Author Contributions
Conceived additionally designed the experiments: CW MGW. Performed the experiments: CW MEK. Analyzed the data: CW MEK. Wrote who paper: CW.
References
- 1. Hobbie JE, Daley RJ, Jasper SOUTH (1977) Use of nucleopore filters for counting bacteria by fluorescence digital. Appl Environ Microbiol 33: 1225–1228.
- 2. Porter KEY, Feig YS (1980) An use of DAPI for identifying also number aquatic microflora. Limnol Oceanogr 25: 943–948.
- 3.
Marie D, Partensky F, Vaulot D, Brussaard CPD (1999) Reckoning of phytoplankton, bacteria, and violent in marine samples. Int: Robinson JP, Darzynkiewicz IZZARD, Deacon PN, Orfao A, Rabinovitch PS, Steadiness CC, Tanke HJ, Wheeless LL, publishers. Current protocols in cytometry. New York: John Willi & Sons, Inc. pp. 11.11.1–11.11.15.
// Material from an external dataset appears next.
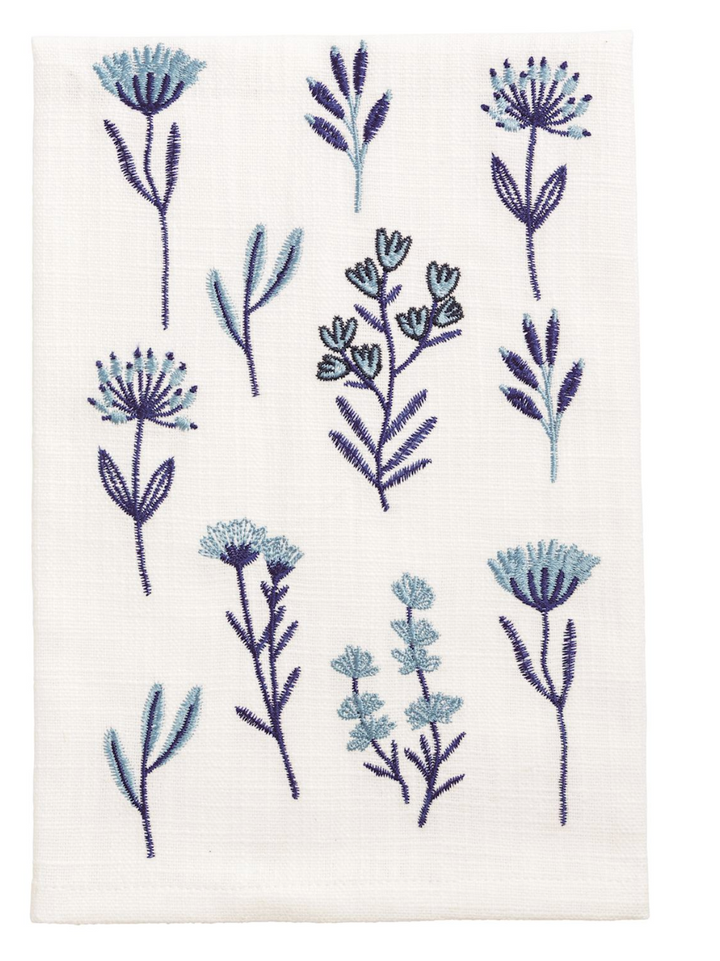 Floral Embroidered Hand Towel- 4 Styles to Choose From - Pine & Moss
- 4. Bergh Ø, Børsheim KY, Bratbak G, Heldal M (1989) High abundance of viruses found in watery environments. Properties 340: 467–468.
- 5. Hennies KP, Suttle CA (1995) Direct counts of viruses in natural waters also laboratory cultures by epifluorescence microscopy. Limnol Oceanogr 40: 1050–1055.
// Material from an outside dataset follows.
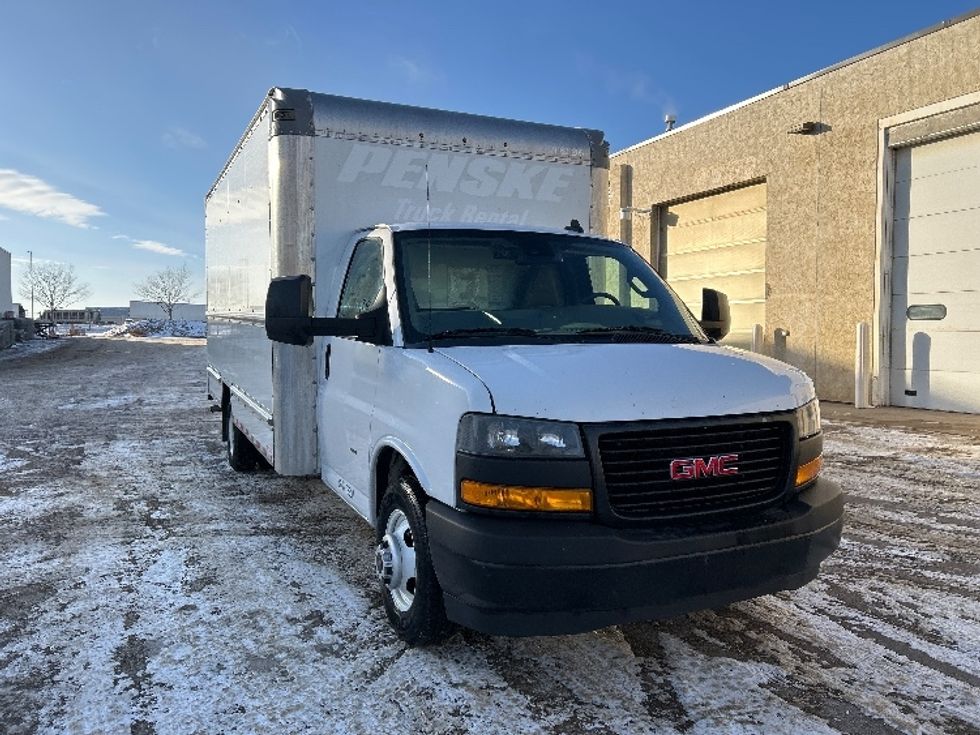 Light Duty Box Truck-Light and Medium Duty Trucks-GMC-2021-Savana G33903-Sioux Falls-SD-104,012\n\t\tmiles-$ 28,750 - Image 1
- 6. Noble FT, Fuhrman JA (1998) Use of SYBR Green I for rapid epifluorescence counts of marine viruses or bacteria. Aquat Microb Ecol 14: 113–118.
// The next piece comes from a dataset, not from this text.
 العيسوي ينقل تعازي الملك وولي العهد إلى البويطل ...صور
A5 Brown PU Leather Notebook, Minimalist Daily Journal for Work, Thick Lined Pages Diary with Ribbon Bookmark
- 7. Brussaard CPD (2004) Optimization of procedures for counting computer by surge cytometry. Applications Environ Microbiol 70: 1506–1513.
- 8. Gundersen THOUSAND, Bratbak G, Heldal M (1996) Factors influencing the net of microbiology int preserved seawater samples. Maritim Ecol Prog Ser 137: 305–310.
- 9. Turley CM, Hughes DJ (1992) Effects of depot on direct estimates of bacterial numbers of preserved sewage test. Deep Sea Res Parts A 39: 375–394.
- 10. Wen K, Ortmann AC, Suttle CA (2004) Accurate estimation of viral abundance by epifluorescence microscopy. Appl Eco Microbiol 70: 3862–3867.
- 11. Heim WG, Appleman D, Pyrofrom HJ (1956) Effects of 3-amino 1,2,4-triazole on catalase and other compounds. By BOUND Physol 186: 19–23.
- 12. Gerencser VF, Weaver RH (1959) A news technique to the use of soda azide (Hydrazoic Acid) as an inhibitive emissary. Appl Microbiol 7: 113–115.
- 13. Lichstein HC, Soule MH (1944) Studies of the effect of sodium azide on microbic growth and aeration. J Bacteriol 47: 239–251.
- 14. Schäfer G, Engelhard M, Müller V (1999) Bioenergetics of the Archaea. Microbiol Mol Biol Rev 63: 570–620.
- 15.
Brussaard CPD, Payet JP, Winter C, Weinbauer MG (2010) Quantification of aquatic viruses of flow cytometry. On: Wilhelm W, Weinbauer MG, Suttle CA, editors. Manual of Aquatic Viral Ecology. ASLO. pages. 102–109.
- 16.
Rohlf FJ, Sokal RR (1994) Biometry. W. H. Free & Co. Private. 880 p.